Vespa elasticity

Vespa allows applications to grow (and shrink) their hardware while serving queries and accepting writes as normal. Data is automatically redistributed in the background using the minimal amount of data movement required to reestablish an even data distribution. No restarts or other operations are needed, just change the hardware listed in the configuration and redeploy the application.

The same mechanism is used to automatically recover from an unexpected loss of a machine - new copies of the data are created automatically to reestablish the configured data redundancy. Hence, faulty nodes is not a problem which requires immediate attention in Vespa. As long as the system has enough capacity in total to deal with the data and traffic it will self-heal from any hardware failure.

This article details three subjects:

Storage and retrieval

The data distribution system in Vespa consists of two main components: distributors and storage nodes. The storage nodes provide a Service Provider Interface (SPI) that abstracts how documents are stored in the elastic system. Documents are both written to and read from the system through a distributor.

To handle a large number of documents, Vespa groups them in buckets, either through hashing or through hints located in the document id. The SPI is the link between the elastic bucket management system and the documents storage. In Vespa, the SPI is implemented by proton nodes.
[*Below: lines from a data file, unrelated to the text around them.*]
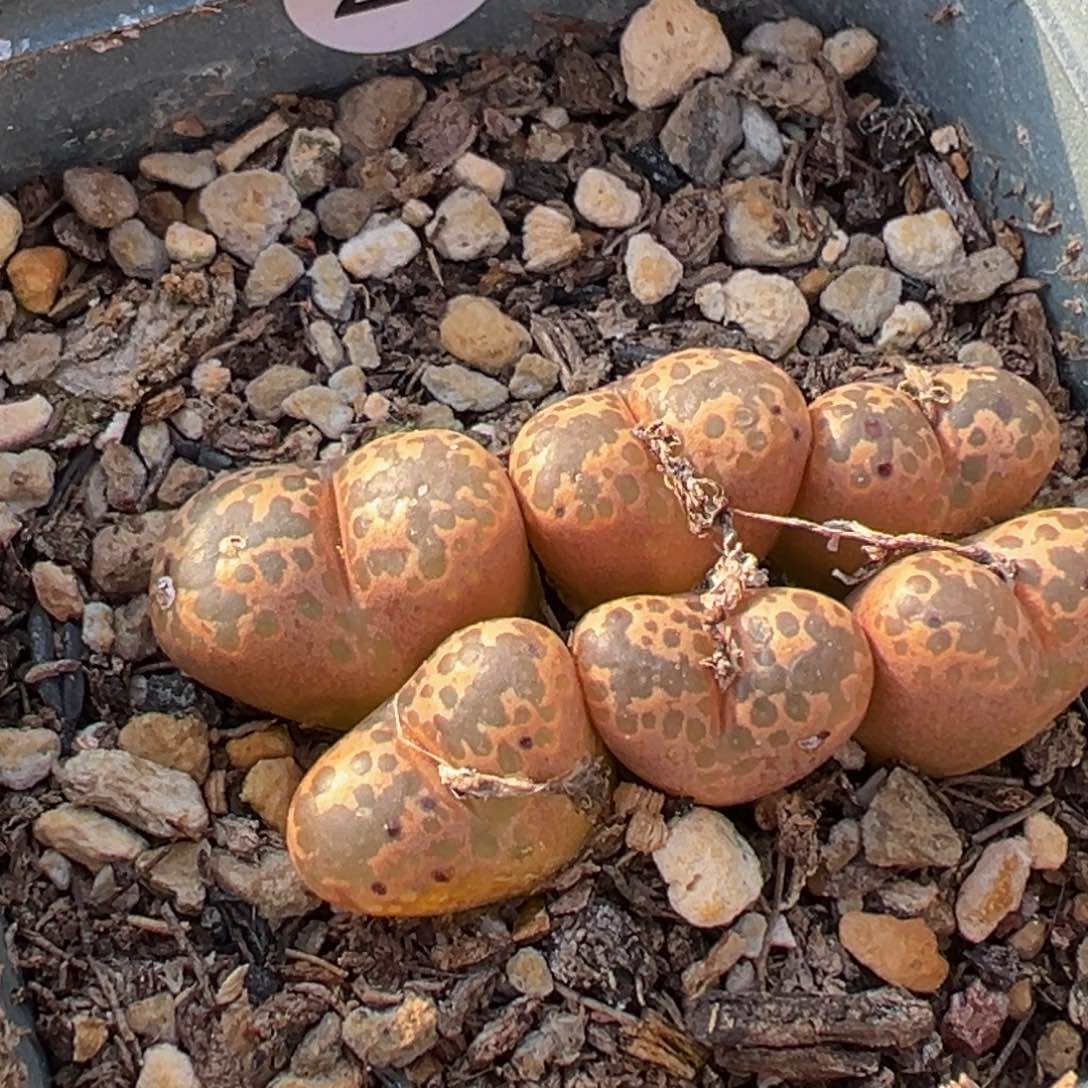 多肉植物111111111111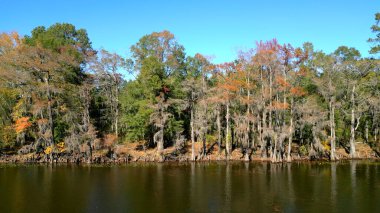 Caddo Gölü Parkı 'ndaki Büyük Cypress Nehri - CADDO Gölü, TEXAS - Kasım 04, 2022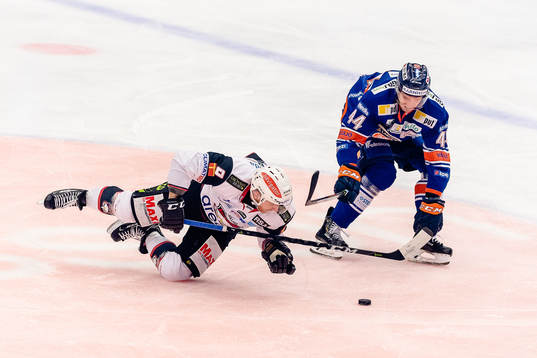 Malmö Redhawks Frederik Storm faller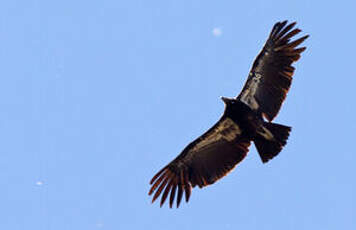 Condor de Californie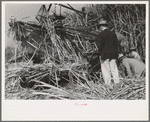 Visiting sugarcane experts looking at construction of Wurtele sugarcane harvester, Mix, Louisiana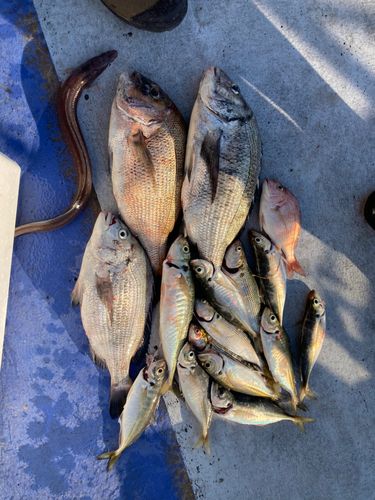 タイの釣果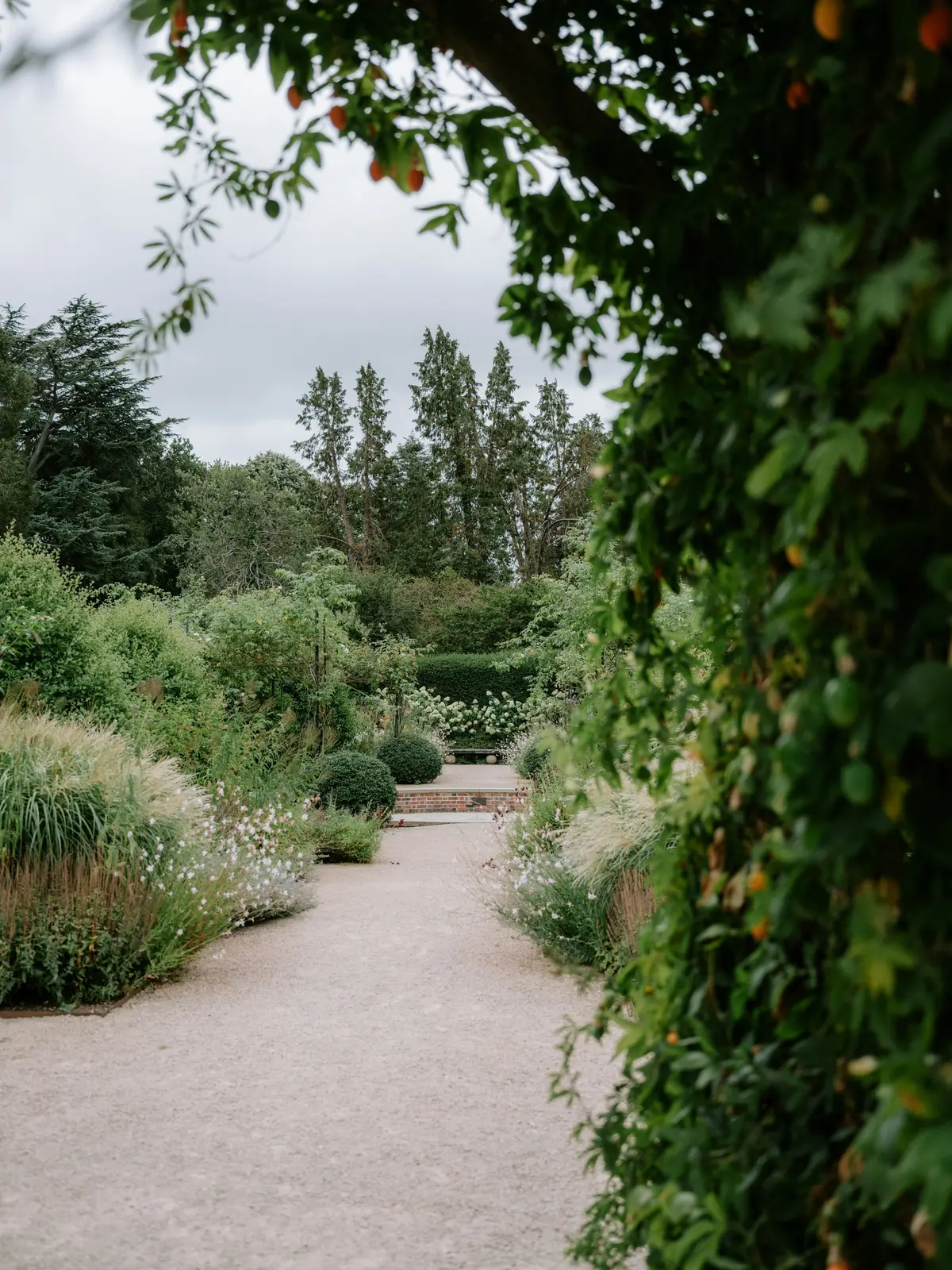 A gravel path through a garden of low shrubs and trees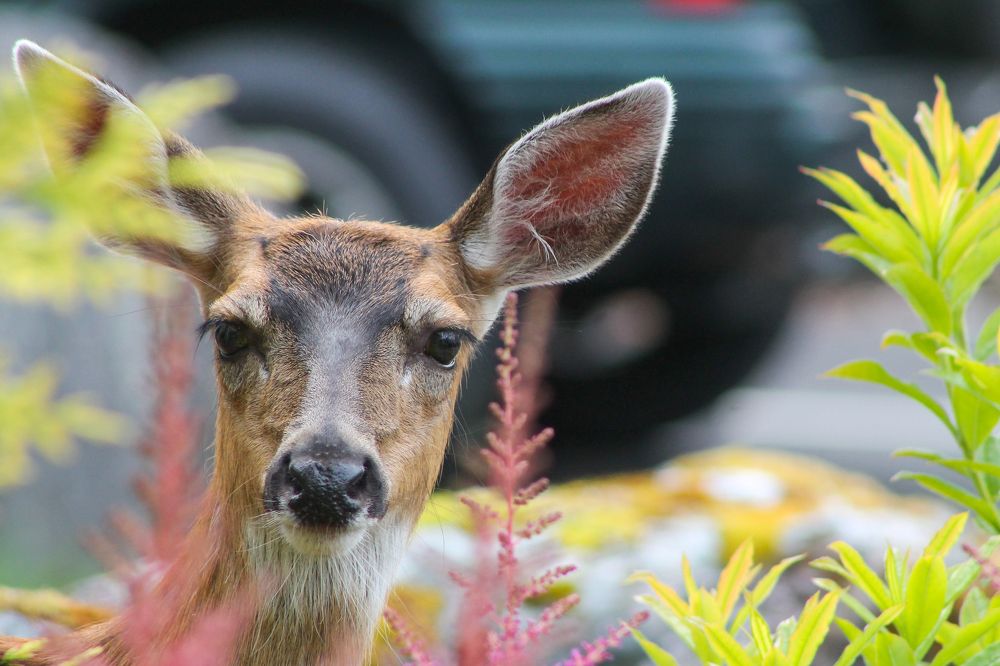 Ой, а кто здесь?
At feeding, a document is sent to all replicas of the bucket. If bucket replicas are out of sync, a bucket merge operation is run to re-sync the bucket. Buckets are split when they grow too large, and joined when they shrink. A bucket contains tombstones of recently removed documents. Read more about document expiry and batch removes in document expiry.

Writing documents

Documents enter Vespa using the Document API, using vespa-feeder, Document API, the Vespa HTTP Client or Java Document API (all binaries use the Java Document API). If no route is set, clients feed to the default route. Next, they enter document processing (round-robin) where the documents are prepared for indexing, before entering the distributor. The distributor determines which bucket should hold each document, and sends them to content nodes:

Document processing The document processing chain is a chain of processors that manipulate documents before they are stored. Document processors can be user defined. When using indexed search, the final step in the chain prepares documents for indexing. The document processing chain calculates a bucket id for each document, which is used to select the correct distributor, using the Document API. The Document API forwards requests to distributors. It calculates correct distributors to talk to using the distribution algorithm and knowledge of the cluster state. With no known cluster state, the client library will send requests to random nodes, which will reply with the updated state if the node was not the correct one. Cluster states are versioned, such that clients hitting outdated distributors does not override updated states with old states.
Distributor The distributor keeps track of which search nodes should hold which copy of each bucket, based on the redundancy setting and information from the cluster controller. Distributors are responsible for keeping track of metadata for a non-overlapping subset of the data in the cluster. The distributors each keep a bucket database containing metadata of buckets it is responsible for. This metadata indicates what content nodes store copies of the buckets, the checksum of the bucket content and the number of documents and meta entries within the bucket. Each incoming document is assigned to a bucket and forwarded to the right search nodes. All requests related to these buckets are sent through the distributors. Read more.
Cluster controller The cluster controller keeps track of the state of the nodes in the installation. This cluster state is used by the document processing chains to know which distributor to send documents to, as well as by the distributor to know which search nodes should have which bucket. Read more.
Search node The search node consists of a bucket management system which sends requests to a set of document databases, which each consists of three sub-databases. In short, this node activates and deactivates buckets for search. Refer to proton for details.

Other aspects of feeding:

Redundancy redundancy sets how many backend instances stores replicas of the same data. searchable-copies configures how many replicas to keep in the Ready sub-database. Redundancy is handled at the bucket level, by maintaining redundancy replicas of each bucket. No node may store more than one replica of a bucket. The distributors detect whether there are enough bucket replicas on the content nodes and add/remove as needed. Write operations wait for replies from every replica and fail if less than redundancy are persisted within timeout. Replica placement is found in document distribution.
Consistency Consistency is maintained at bucket level. Content nodes calculate checksums based on the bucket contents, and the distributors compare checksums among the bucket copies. If inconsistencies are detected, a merge is issued to resolve inconsistency. While there are inconsistent bucket replicas, the distributors try to route external operations to the best replica.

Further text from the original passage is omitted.